FAQ on revolutionary unionism (in development)

What is a revolutionary union?

A union that is at the same time an organization of workers to improve wages and working conditions, and a revolutionary organization to emancipate workers from wage slavery to the employers. To improve working conditions the preferred method of struggle is direct action against the employer: the strike in its many forms, the work-slowdown, all culminating in the general strike against all employers and occupation of the means of production. To emancipate the workers, the revolutionary union prepares the workers to run industry themselves by running the union democratically, educates workers in strategy and tactics to fight the bosses and the science and technology to transform industry, and prepares them for the class struggle.

Why do we call the unions of the AFL-CIO and their kind “business unions”?

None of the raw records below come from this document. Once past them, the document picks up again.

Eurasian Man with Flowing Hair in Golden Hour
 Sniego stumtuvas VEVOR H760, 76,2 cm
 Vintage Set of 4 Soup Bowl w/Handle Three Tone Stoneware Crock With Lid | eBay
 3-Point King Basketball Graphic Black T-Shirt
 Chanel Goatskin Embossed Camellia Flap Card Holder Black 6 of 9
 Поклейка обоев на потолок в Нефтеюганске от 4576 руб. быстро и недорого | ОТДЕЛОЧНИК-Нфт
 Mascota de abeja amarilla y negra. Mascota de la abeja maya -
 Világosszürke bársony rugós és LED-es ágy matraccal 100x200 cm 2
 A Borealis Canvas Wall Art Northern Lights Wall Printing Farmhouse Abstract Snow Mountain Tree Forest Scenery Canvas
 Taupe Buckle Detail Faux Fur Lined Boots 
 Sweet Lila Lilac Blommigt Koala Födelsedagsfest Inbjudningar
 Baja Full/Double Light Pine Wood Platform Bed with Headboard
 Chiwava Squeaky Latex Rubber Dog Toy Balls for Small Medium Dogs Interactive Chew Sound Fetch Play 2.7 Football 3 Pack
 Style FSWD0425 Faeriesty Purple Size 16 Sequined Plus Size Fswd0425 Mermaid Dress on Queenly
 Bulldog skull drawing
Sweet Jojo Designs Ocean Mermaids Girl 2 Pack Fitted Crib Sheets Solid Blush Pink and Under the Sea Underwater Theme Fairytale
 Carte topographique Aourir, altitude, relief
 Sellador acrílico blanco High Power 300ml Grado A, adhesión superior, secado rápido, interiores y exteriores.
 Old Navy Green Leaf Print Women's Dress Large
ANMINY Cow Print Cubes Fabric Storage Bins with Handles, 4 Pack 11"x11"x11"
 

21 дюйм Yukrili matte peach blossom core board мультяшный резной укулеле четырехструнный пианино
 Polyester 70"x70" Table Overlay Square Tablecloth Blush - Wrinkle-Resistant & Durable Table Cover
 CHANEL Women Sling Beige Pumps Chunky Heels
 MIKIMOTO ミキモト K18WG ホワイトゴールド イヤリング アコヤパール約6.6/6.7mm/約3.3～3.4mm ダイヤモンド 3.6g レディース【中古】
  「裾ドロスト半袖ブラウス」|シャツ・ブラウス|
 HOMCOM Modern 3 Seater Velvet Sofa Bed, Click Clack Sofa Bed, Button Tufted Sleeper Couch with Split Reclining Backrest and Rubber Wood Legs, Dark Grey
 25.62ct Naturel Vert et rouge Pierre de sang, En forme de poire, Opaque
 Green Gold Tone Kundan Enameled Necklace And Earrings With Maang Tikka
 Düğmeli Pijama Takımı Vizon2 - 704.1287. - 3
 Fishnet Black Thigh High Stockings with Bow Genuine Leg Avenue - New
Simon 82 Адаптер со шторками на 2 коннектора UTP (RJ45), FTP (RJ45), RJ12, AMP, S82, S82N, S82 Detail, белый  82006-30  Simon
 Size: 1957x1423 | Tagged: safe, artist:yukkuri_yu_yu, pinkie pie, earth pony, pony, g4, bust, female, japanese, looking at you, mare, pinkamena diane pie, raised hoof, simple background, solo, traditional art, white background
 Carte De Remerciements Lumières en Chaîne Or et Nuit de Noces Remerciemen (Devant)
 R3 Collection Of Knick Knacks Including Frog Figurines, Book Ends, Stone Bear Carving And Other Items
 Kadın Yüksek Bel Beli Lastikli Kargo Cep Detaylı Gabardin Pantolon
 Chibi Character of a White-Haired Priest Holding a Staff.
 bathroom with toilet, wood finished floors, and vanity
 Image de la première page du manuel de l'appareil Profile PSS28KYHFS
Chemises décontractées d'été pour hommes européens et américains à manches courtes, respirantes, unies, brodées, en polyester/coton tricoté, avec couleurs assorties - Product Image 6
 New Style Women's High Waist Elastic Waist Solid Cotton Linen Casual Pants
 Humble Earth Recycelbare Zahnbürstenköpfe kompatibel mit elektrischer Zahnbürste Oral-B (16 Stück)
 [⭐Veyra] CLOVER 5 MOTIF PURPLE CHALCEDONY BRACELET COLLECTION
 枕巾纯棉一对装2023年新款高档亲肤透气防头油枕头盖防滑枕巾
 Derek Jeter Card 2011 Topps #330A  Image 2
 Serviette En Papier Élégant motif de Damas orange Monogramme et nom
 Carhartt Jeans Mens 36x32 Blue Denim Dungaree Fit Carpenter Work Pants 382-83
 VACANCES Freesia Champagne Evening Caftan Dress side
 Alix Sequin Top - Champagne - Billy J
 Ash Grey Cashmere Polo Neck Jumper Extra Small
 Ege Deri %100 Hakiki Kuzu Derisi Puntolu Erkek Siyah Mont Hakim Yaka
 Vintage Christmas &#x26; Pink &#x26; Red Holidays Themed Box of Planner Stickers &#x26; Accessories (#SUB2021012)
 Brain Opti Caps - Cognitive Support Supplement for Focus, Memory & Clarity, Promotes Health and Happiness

There are two reasons for this. Firstly business unions are not democratic but bureaucratic. They are run by union professionals, mostly lawyers, who are not workers but middle class managers who because they spend all their time doing the union business are entrenched politically and able to keep the rank-and-file in line. Like salesmen, they sell their services to workers like insurance as protection from the boss and to employers as protection from their workers. Secondly. we call them business unions because they believe in capitalism. Just like the right-wingers, the business unions believe that capitalists are “job creators” and that capitalists are necessary. To believe in capitalism is to believe in wage slavery. Such unions can never emancipate workers.